Na mesma reportagem, José Carlos Fragoso (então estudante de Direito) definiu o pai como “uma pessoa afável, de relacionamento fácil, embora tímido, o que muitas às vezes confundem com presunção”. José Carlos salientou que o pai não gostava de festas “nem de nada espalhafatoso”, e que era um homem apaixonado pelos estudos. “Desde pequeno me acostumei a vê-lo ir para seu escritório, em casa, depois do jantar. Não tem sábado, nem domingo, e não sei onde trabalha mais: se em casa, onde tem a maior parte de sua biblioteca, ou se no escritório da cidade”.

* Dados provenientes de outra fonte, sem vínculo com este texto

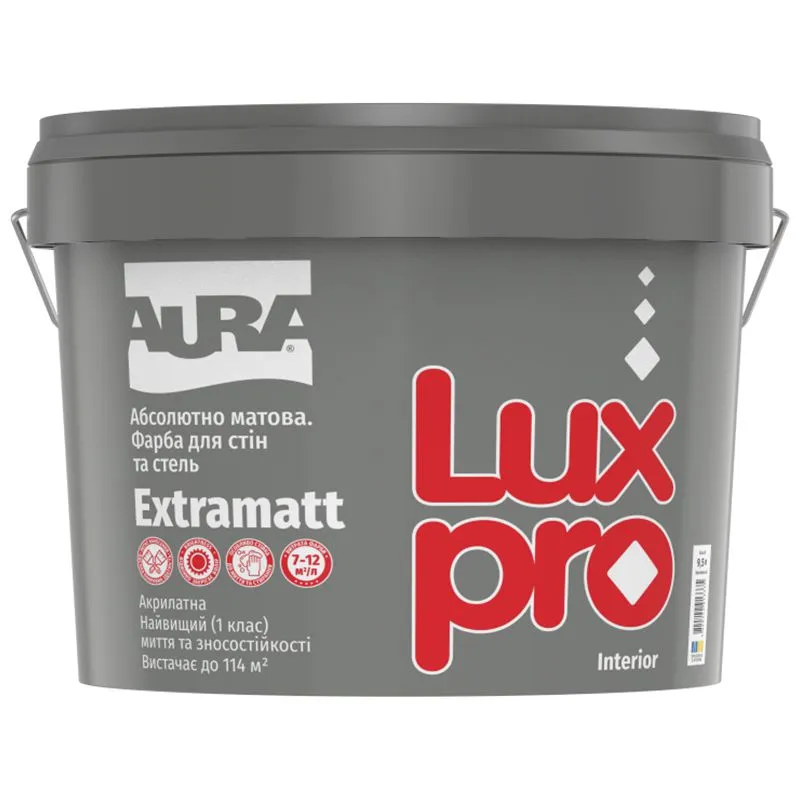 Фарба акрилова Aura Luxpro Extramatt TR, 9 л, прозорий купити недорого в Україні, фото 1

Antonio Evaristo de Moraes era amigo e uma das referências de Evandro Lins e Silva – laços que este manteve com o filho do primeiro, Antonio Evaristo de Moraes Filho (1933-1997). Evaristinho, como era chamado pelos amigos, formou-se em 1955 e teve escritórios na Avenida Almirante Barroso, 9, e posteriormente, já nos anos 1960, no edifício Esplanada, na Rua México, 90. Segundo Carlos Roquette, o nome do prédio faz referência à Esplanada do Castelo. “Foi com esse nome que a região ficou conhecida no período de quase uma década entre a derrubada do morro e a ocupação efetiva. A México foi uma das vias que foram abertas após a derrubada”, explica Roquette. A rotina de Evaristinho era semelhante à de muitos advogados, como lembra o filho Renato de Moraes. “Depois de assumir, em 1981, a cadeira de Direito Penal na Universidade do Estado do Rio de Janeiro, quando tinha compromissos agendados no final da manhã no Centro, costumava ir direto para o escritório. Chegava por volta de 11h, cumpria a agenda e almoçava somente por volta das 15h”, conta. Ele costumava almoçar no restaurante Emir, na mesma rua de seu escritório, além dos extintos Astrodome – do qual gostava muito, e que foi fechado recentemente –, Westfália e Casa Pardellas, todos próximos ao local de trabalho. “No Centro, ainda, quando tinha de ir ao Fórum, depois de audiências e de despachar, gostava de ir ao Albamar, na Praça Marechal Âncora, reaberto recentemente”, revela Renato. No Casa Bar Simpatia, que funcionava na Avenida Rio Branco, tinha hábito de tomar refresco de coco. “Entre as livrarias, gostava muito da Galáxia, ainda funcionando na Rua México. Tinha também por hábito lustrar os sapatos com o engraxate Orli, figura conhecida cuja cadeira ficava na porta da garagem do seu escritório na Rua México”, recorda Renato. A militância na defesa de presos políticos também incluía no roteiro de Evaristinho pontos vizinhos às serventias da Justiça Militar. “Quando ia à auditoria do Exército, na Praça da República, adorava almoçar no Lisboeta (na Rua Frei Caneca). Se ia à auditoria de Marinha, ou tinha algum compromisso perto da Praça Mauá, gostava de ir ao Mosteiro ou ao São Chico (na Rua Visconde de Inhaúma)”.